I'm told that drums knives wear more evenly too

The first 2 points are what make me a drum fan, IMO being anal about maintaining proper bedknife tolerance will keep chip size down. 

As for size, it all depends on what your main buisness is and what size truck you have. If you do mainly removals then the bigger chipper is better, especially if you have a loader to feed with.

If you do mostly trim work then anything over 12-13 inches is waisted capitol. 12 inch 85 hp (Diesel) drum is probably the best range for this type of work.

Miantaining steady RPM is the key (and knife maint.) to keeping the machine in good condition, and getting the brush reduced.


----------



## MasterBlaster (Aug 8, 2003)

Hey Moose I wouldn't get a chipper over 12" Unless for dump reasons you need to turn all the wood into chips.

A 12" chipper is plenty, especially if you opt for the biggest motor you can get.
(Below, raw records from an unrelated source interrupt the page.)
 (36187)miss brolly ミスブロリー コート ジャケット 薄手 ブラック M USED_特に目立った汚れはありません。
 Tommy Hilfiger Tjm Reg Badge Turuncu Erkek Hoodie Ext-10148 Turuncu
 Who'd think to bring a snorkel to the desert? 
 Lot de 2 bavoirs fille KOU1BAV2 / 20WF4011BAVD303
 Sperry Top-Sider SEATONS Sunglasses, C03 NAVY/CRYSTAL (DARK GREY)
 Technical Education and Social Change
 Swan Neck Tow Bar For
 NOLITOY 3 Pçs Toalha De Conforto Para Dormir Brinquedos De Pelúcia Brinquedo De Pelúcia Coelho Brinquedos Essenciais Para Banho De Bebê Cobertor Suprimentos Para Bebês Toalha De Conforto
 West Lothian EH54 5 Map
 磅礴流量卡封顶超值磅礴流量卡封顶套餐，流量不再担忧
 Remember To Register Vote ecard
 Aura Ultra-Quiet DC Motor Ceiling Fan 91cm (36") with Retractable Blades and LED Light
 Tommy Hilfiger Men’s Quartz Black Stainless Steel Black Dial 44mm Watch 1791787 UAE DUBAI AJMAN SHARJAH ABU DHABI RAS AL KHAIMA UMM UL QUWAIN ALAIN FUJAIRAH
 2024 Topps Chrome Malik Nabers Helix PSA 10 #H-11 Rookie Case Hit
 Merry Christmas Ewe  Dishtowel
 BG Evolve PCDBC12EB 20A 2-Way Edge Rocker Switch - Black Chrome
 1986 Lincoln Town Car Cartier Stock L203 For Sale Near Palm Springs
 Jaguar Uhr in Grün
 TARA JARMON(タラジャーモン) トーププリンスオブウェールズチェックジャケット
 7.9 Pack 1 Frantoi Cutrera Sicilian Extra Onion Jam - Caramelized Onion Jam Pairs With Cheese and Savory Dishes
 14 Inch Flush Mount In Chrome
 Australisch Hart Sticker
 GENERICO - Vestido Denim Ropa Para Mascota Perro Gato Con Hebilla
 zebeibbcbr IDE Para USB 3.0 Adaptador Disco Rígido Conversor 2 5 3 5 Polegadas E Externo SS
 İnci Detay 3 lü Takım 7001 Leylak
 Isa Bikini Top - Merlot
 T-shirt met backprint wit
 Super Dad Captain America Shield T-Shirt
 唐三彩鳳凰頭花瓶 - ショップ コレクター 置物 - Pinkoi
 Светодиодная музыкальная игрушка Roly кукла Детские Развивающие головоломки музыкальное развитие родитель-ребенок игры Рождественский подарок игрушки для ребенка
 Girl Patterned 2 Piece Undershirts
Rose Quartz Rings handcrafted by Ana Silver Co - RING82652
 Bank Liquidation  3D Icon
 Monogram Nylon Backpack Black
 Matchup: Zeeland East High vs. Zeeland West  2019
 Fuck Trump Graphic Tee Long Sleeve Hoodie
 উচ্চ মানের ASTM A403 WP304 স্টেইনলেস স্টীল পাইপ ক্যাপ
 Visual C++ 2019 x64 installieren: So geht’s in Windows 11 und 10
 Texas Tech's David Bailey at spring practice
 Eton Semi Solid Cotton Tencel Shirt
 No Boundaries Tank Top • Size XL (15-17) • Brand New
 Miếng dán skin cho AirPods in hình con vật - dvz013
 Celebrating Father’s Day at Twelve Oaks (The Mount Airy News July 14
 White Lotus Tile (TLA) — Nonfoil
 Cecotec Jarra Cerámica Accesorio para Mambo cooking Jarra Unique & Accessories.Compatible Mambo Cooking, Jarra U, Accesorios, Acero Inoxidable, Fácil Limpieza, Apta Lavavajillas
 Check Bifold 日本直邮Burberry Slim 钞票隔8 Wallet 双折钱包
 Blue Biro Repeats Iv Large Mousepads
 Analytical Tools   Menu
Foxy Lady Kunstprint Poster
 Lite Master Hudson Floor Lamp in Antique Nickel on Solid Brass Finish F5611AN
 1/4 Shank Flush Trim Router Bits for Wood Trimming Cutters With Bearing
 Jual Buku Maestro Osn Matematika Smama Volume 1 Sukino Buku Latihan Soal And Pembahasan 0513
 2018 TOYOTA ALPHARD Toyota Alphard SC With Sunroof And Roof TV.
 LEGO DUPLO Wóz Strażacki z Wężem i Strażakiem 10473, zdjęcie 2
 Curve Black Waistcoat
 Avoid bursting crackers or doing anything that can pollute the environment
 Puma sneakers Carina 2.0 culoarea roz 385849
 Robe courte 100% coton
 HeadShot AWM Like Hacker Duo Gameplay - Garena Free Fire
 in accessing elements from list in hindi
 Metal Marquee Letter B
I prefer diesel over gas-burners.

Drum chippers are cheaper, lighter, and the knives wear more evenly.

Opt for the winch option if you can get it - you'll be glad you did!


----------



## John Paul Sanborn (Aug 8, 2003)

Those of you with winch chippers, do you use rope chockers to move bursh, or just the winch cable?


----------



## Sep (Aug 8, 2003)

We own a brush bandit 254xp, and its been a great machine for us. Its 14inch chipping capacity is great because it allows us, to chip lots of larger softwood that we would have to pay to get rid of otherwise. The one downfall to this machine is that its weight starts to become a major issue when towing with a one ton truck.


----------



## NeTree (Aug 8, 2003)

My latest addition to the fleet is an Altec Whisper Chipper. 12" drum, 6 cyl Ford (gas... cuz diesel isn't carried much around here).

I don't find the chip quality to be worse than a disc, rather markedly better than any of the disc's I own/have owned.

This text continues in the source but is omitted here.